» **YOUR ASSIGNMENT**:
When you reach the line that contains "Frida the Taco", begin copying exactly and continue through the last line below. Do not copy pictures.

» **DATA EXTRACT**:

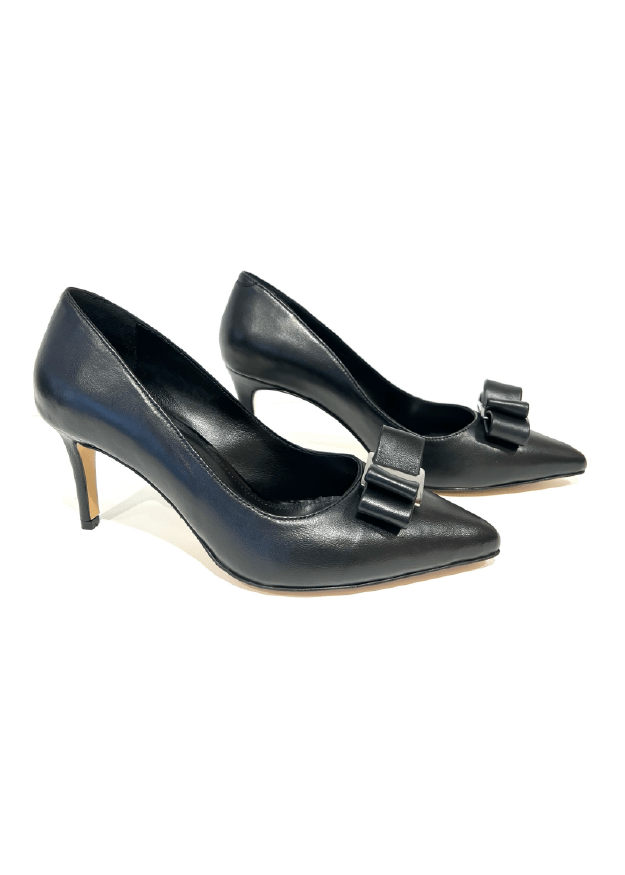 Pumps DOUBLE BOW Black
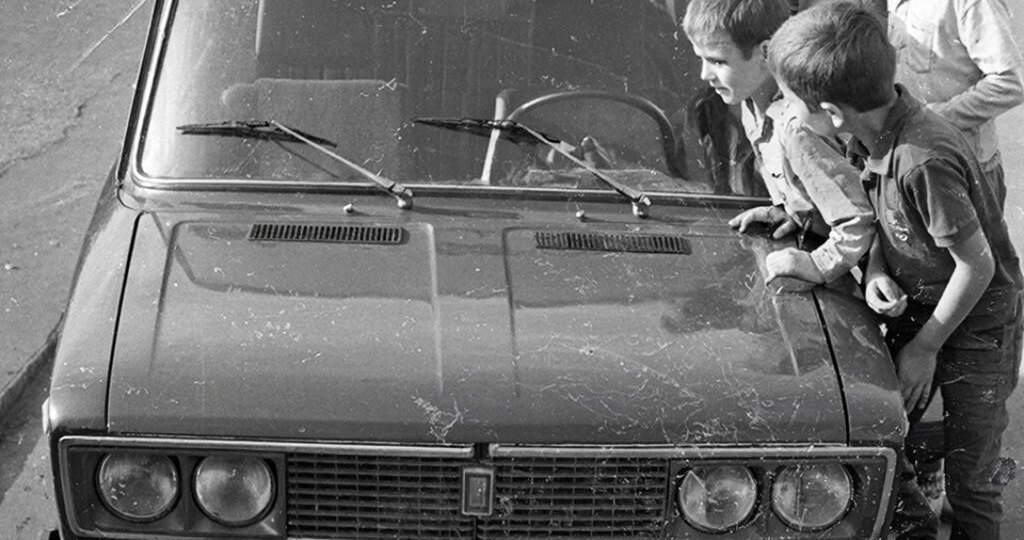 Мечта на колесах: что зажигало сердца советских мальчишек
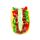 Frida the Taco & Hot Sauce Foodiemals Salt & Pepparset i Keramik
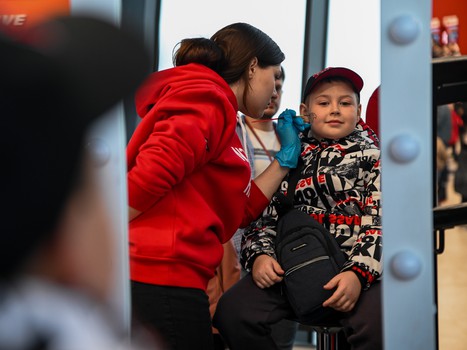 «Авангард» - «Куньлунь Ред Стар» 6:4. Вокруг матча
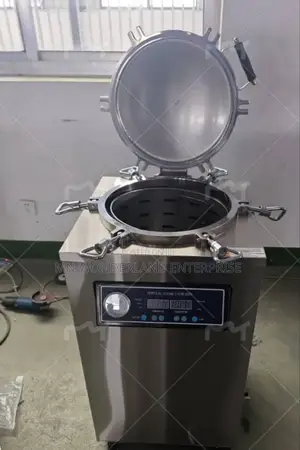 Vertical Pressure Steam Sterilizer 150litres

» **TASK ANSWER**:
 Frida the Taco & Hot Sauce Foodiemals Salt & Pepparset i Keramik
 «Авангард» - «Куньлунь Ред Стар» 6:4. Вокруг матча
 Vertical Pressure Steam Sterilizer 150litres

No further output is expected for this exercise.